Прежде чем мы вернемся к Дейлу, который в рыцарском порыве ринулся спасать мисс Стеффни от черных собак, поговорим о книге, которую он пишет, книге о лете в Элм-Хейвене, и о его писательстве в целом.
Дейл не был хорошим писателем. Уж поверьте мне. Я в девять лет писал лучше, чем мой друг на пятьдесят втором году жизни. И причина состоит в том, по крайней мере, одна из причин, что он не был рожден для этого занятия, его не сжигало не ведающее компромиссов внутреннее пламя, он, скорее, принял волевое решение сделаться писателем в конце лета шестидесятого, лета, когда я погиб. К этому прибавился еще и тот факт, что в годы подготовки к карьере ученого Дейлу невольно пришлось много писать в академической манере. Это не тот язык, который сформирован человеческой речью, и очень немногие – если вообще хоть кто-то – из ученых мужей преодолевают его ущербность, переходя на настоящую прозу. И наконец, свое дело сделал избранный Дейлом жанр – рассказы «из жизни горца». Это тоже был сознательный выбор с его стороны, попытка поддержать свой учительский статус, не сбиваясь на такие жанры, как мистика, научная фантастика или, боже упаси, ужасы, и снова холодный мозговой расчет, а не подсказанное сердцем желание. Подстраивая свой стиль к стилю весьма малочисленных мастеров жанра – например, Вардиса Фишера, – Дейл описывал жизнь нескольких белых людей на Западе в тридцатые года девятнадцатого века рядом с племенами коренных американцев (его преподавательская деятельность довела до того, что он не мог даже мысленно называть их политически некорректным словом «индейцы» – хотя его персонаж, человек с гор, позволял себе это довольно часто, – не говоря уже о такой непристойности, как «дикари»).
Хемингуэй написал как-то, что истинный писатель должен «работать изнутри наружу, а не снаружи внутрь». В этом, пояснял он, состоит разница между живописью и фотографией, между Сезанном и документальной съемкой. Вся же так называемая серия о Джиме Бридже-ре Дейла Стюарта, как я уже говорил, была написана снаружи внутрь.

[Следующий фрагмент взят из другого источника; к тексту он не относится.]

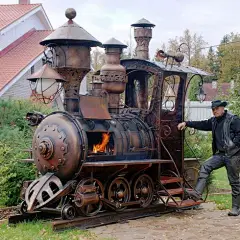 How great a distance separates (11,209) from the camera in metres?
9.20

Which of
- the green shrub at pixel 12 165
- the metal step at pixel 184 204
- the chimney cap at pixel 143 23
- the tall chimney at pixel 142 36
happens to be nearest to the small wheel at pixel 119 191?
the metal step at pixel 184 204

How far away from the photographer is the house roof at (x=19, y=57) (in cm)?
1775

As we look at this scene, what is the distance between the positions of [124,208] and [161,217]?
2.47ft

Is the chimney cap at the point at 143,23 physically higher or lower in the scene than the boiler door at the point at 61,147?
higher

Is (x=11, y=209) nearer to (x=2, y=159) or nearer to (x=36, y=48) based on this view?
(x=2, y=159)

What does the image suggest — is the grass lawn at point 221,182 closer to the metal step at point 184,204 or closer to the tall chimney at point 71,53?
the metal step at point 184,204

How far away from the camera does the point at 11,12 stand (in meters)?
21.3

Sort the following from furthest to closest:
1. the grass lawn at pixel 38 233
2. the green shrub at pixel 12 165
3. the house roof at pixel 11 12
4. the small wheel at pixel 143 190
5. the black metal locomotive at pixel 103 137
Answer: the house roof at pixel 11 12, the green shrub at pixel 12 165, the small wheel at pixel 143 190, the black metal locomotive at pixel 103 137, the grass lawn at pixel 38 233

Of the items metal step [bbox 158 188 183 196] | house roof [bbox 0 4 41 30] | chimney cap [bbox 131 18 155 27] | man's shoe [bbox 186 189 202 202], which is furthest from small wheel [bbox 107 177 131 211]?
house roof [bbox 0 4 41 30]

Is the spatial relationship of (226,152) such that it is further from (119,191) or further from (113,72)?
(113,72)

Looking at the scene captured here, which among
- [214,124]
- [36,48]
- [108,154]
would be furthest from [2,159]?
[36,48]

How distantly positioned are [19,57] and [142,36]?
34.3ft

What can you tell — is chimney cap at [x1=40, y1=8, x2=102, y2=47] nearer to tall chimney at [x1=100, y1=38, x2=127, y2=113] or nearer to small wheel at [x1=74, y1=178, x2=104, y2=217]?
tall chimney at [x1=100, y1=38, x2=127, y2=113]

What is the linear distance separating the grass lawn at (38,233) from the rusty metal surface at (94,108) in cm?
182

Клэр указывала ему на этот факт, и не раз, а Дейл скорее отмалчивался, чем защищался, но он был обижен. Он считал свои книги вкладом в литературу, некоторым образом. Она лишила его этой иллюзии, как в итоге лишила вообще всех иллюзий, необходимых человеку для выживания.
Эта книга об Элм-Хейвене, за которую Дейл принялся с таким рвением, – книга, из-за которой он решил остаться в «Веселом уголке», несмотря на все неудобства и психологическую стесненность, – хотя бы отличалась от историй про его горца. Но все равно во многих отношениях была ложью. Все эти наполненные солнцем летние деньки, купанья и потасовки, свобода и возможность мчаться на велосипеде куда пожелаешь, и идеализированная дружба. Дейл поклялся, мысленно подготавливая себя к написанию книги, быть «верным тайнам и недомолвкам детства», но, когда он начал писать, тайны сделались самодовольными, а недомолвки слишком уж красноречивыми.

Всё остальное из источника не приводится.